5. Leadership Detachment

It is unfortunate that management sometimes enters into a team- building enterprise in a somewhat detached way. The detached manager looks at team development as something that will help others change, so that the team will function more effectively.

However, the most influential person in most teams is the formal leader or manager. Like it or not, you set the tone for the team, whether intentionally or intentionally, and it is inevitable that team effectiveness cannot be improved unless the manager is willing to look at his/her contributions to the team. Management usually has to change too.


If you aren't willing to hear from employees how your behavior impacts the team (negatively or positively), don't do team- building. The worst thing you can do is start the process and refuse to acknowledge that you are a key player in the process.

6. Doing It All Internally

Team building generally will not succeed unless conflicts and problems can be brought into the open and dealt with properly. The problem is that poorly functioning teams are characterized by a climate of blame, defensiveness, and a lack of ability to deal with conflict. Poor teams lack the ability to improve themselves.

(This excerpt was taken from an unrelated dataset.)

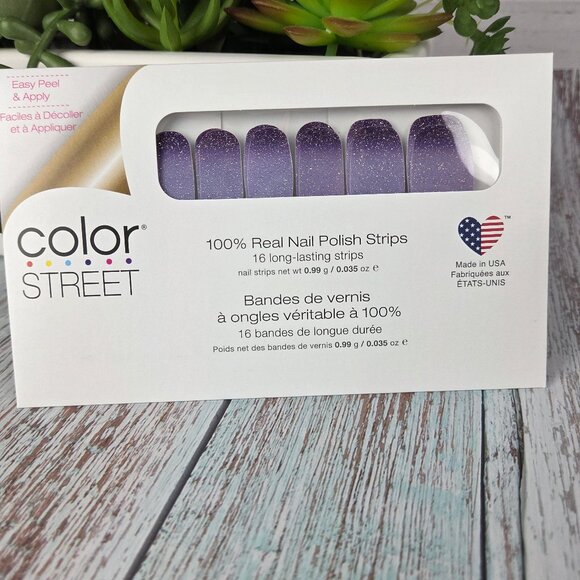 Color Street Nails - Exclusive # 9 - Picture 1 of 2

There are times when an outside consultant may be required. While a consultant may bring specialized skills that are lacking in the organization, the most important reason for using an outside consultant is that the "outsider" has no history with the organization, no preconceptions, and may have more credibility than someone who is perceived as having his/her own agenda.


Consider hiring an outside consultant to help. However, the team should not become dependent on the consultant, and must ultimately develop the ability to improve on its own. Look to a consultant if there is a high degree of negativism about the team, or there are unresolved conflicts or emotions related to the team, or management.


Whether you are leading team building activities, or hiring someone, it is important that you stay away from the six deadly sins. Lousy team building is worse than doing nothing. Improperly thought out efforts are likely to increase negativity, reduce team functioning, and reduce management credibility. If you are a manager, your own personal reputation, and the degree to which your employees have confidence in you will depend upon your making effective team building decisions from day one.